* **Action item**
Retype exactly the span of lines below from the one with "Maison Zen, Résidence" through the one with "Pâtes de courge". Do not include pictures.

* **Data for processing**
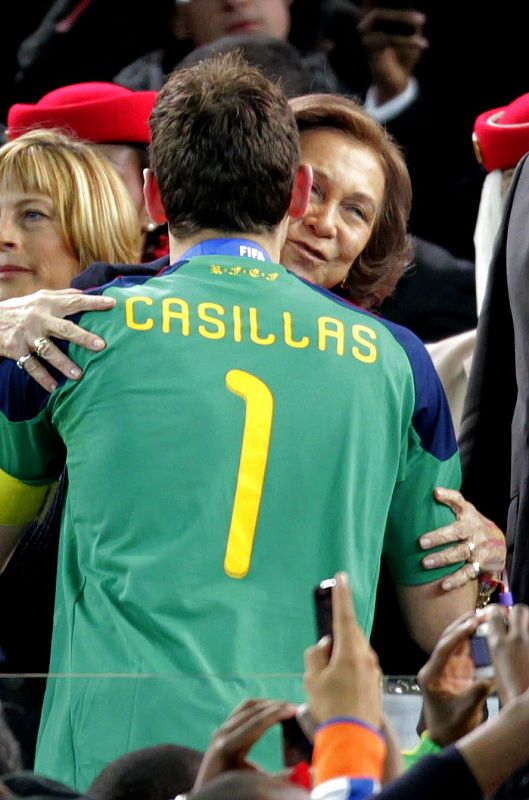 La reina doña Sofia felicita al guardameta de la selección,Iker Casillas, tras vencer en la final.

...

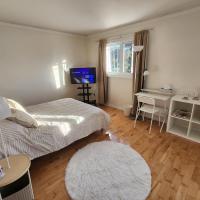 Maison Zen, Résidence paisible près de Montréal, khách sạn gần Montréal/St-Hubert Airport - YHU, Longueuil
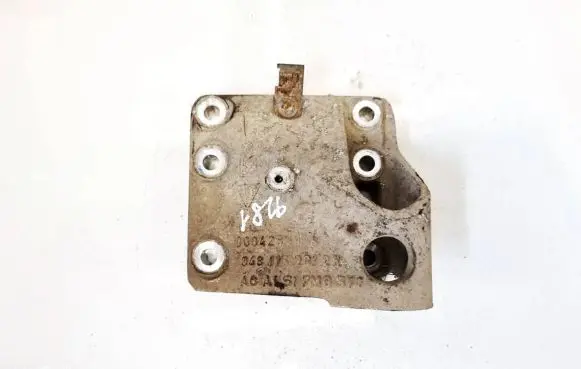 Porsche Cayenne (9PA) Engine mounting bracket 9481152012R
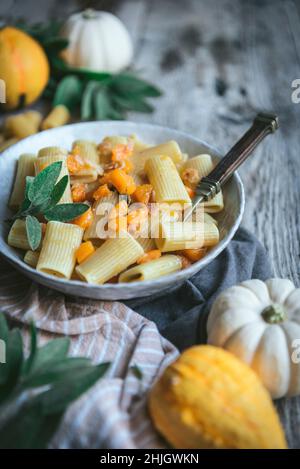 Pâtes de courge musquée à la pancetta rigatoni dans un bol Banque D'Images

* **Answer space**
 Maison Zen, Résidence paisible près de Montréal, khách sạn gần Montréal/St-Hubert Airport - YHU, Longueuil
 Porsche Cayenne (9PA) Engine mounting bracket 9481152012R
 Pâtes de courge musquée à la pancetta rigatoni dans un bol Banque D'Images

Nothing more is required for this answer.